Fig. 5. Matching results using global measure with future probes

Fig. 6. Satellite picture of the Hanshin Expressway Higashi-Osaka line test place

4.2. Overall evaluation of detecting on- and off-ramp manoeuvres

The authors selected 100 test data (50 on-ramps and 50 off-ramps) from the October, 2009 probe experiment (Yokota, T. et al., 2010). We counted the number of ramps where freight vehicles manoeuvres were correctly detected and the number of ramps where they were incorrectly detected. The success rates of the proposed algorithm and other methods were compared. The proposed algorithm correctly detected all of the on- and off-ramp manoeuvres, whereas the forward chaining algorithm detected only 75% of them and the local measure algorithm 49%. Even though the proposed algorithm may give incorrect results depending on the GPS reception conditions, shapes of the road links, errors in digitizing road maps, and so on, these results prove its usefulness.

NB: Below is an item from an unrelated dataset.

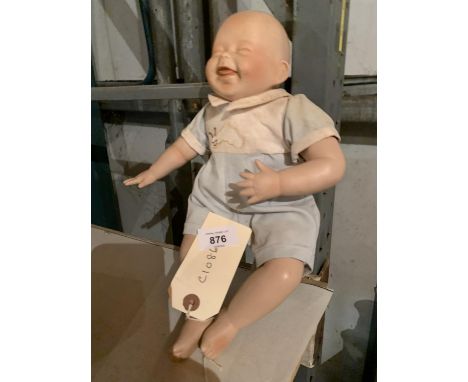 A VINTAGE DOLL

Note that here the local measure algorithm just finds a series of solutions by maximizing Eq. (1). The forward chaining algorithm is not a local measure algorithm, and it does not use "future" probe data. This situation is identical to real-time cases. Hence, the results of the forward chaining algorithm show the limitation of real-time algorithms.

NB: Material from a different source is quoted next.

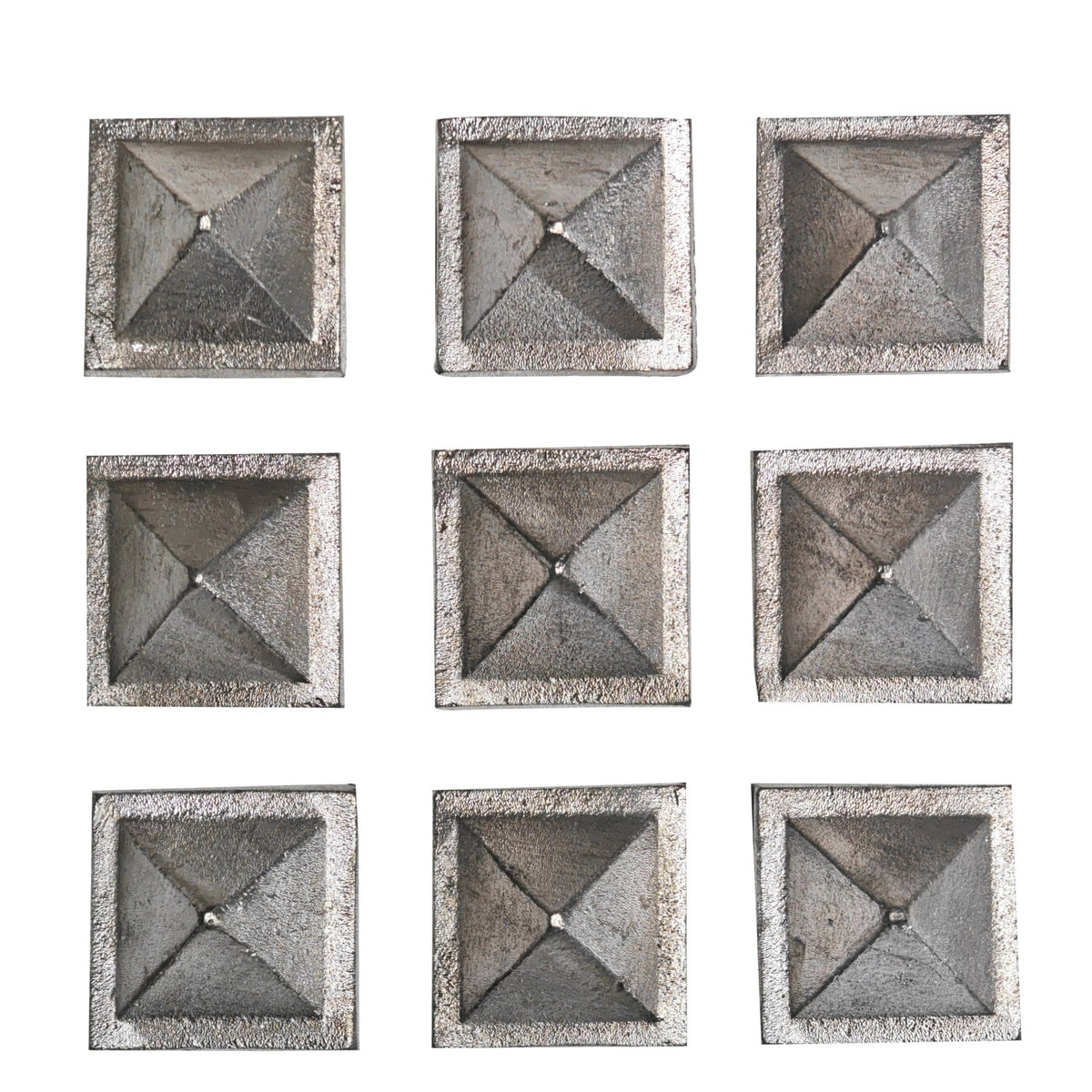 Detailed macro view showing authentic cast lead metal surface, natural matte grey sheen, and beveled pyramid facets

4.3. ON- and OFF-ramp detection

The authors tried to analyze the usage of on-ramps by freight vehicles. Fig. 7 shows an example of the profile of the road classes which a freight vehicle chose on one day (October 1, 2009). Since the tour is matched to optimum links by the matching algorithm, the road class can be obtained by referring to the digital road-map data base. Road class 2 corresponds to the Hanshin Expressway. This graph clearly shows that the vehicle used the Hanshin Expressway twice on this day. Fig. 8 shows the profile of the score of each stage in the dynamic programming. It is given step-wisely by Eq. (7) starting backward from the total maximum value given by Eq. (8). It monotonously increased with the time of day and had a number of reset points where the algorithm could not find any optimum neighbor links to be matched maybe because the vehicle entered parking spaces. Fig. 9 shows the frequency of on-ramp usage detected by the route identification algorithm for 300 vehicles during October 1 to 7, 2009. Fig. 10 shows the locations of the top 30 on-ramps. Off-ramp usage could be also detected in the same manner. The results are well spread. An analysis of ease of access and egress is currently underway.

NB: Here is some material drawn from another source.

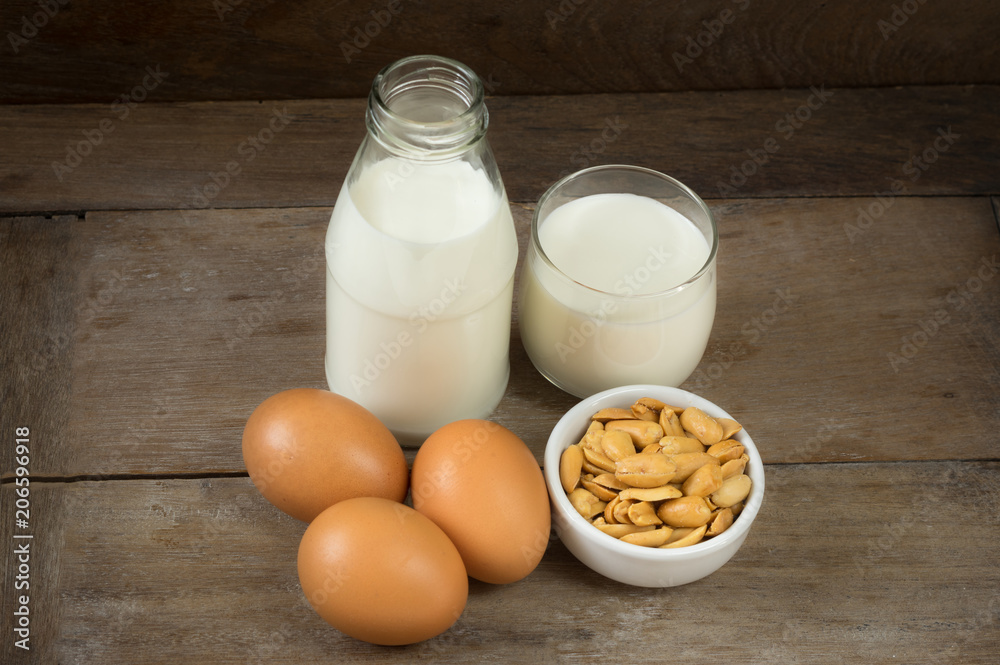 Nut in cup with milk bottle and eggs. Nut in cup with milk bottle and eggs.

Fig. 7. Road class profile of one day tour of vehicle with anonymous ID#159 (Class 2 corresponds to the Hanshin expressway and Class 1 corresponds to NEXCO highways)

Fig. 8. Profile of D.P. score of vehicle with anonymous ID#159

Fig. 9. Usage frequency of on ramps

Fig. 10. Top 30 on ramps of 300 freight vehicles (Blue circles show the top 30 on ramps)

5. Conclusion

A new map-matching and route identification algorithm for probe data was developed. Algorithm based on dynamic programming takes the whole tour data into account, and in an experiment, it successfully detected almost all of on- and off-ramp manoeuvres of freight-carrying vehicles in comprehensive evaluation using actual GPS probe data from freight vehicles. On the basis of this technology, we can analyze freight-vehicle tours in detail in order to improve logistics and determine a strategy to improve expressway service levels by using actual GPS probe data from freight vehicles. For example, on-ramp usage frequency was determined from data on 300 freight vehicles, and it showed a moderately spread spatial pattern. Off-ramp usage could also be detected. A detailed analysis of the ease of access and egress is currently underway.

Acknowledgements

The authors would like to thank the Japan Institute of Logistics Systems, Osaka Trucking Association, Kansai Economic Federation, and all 21 companies who participated in the probe car experiment.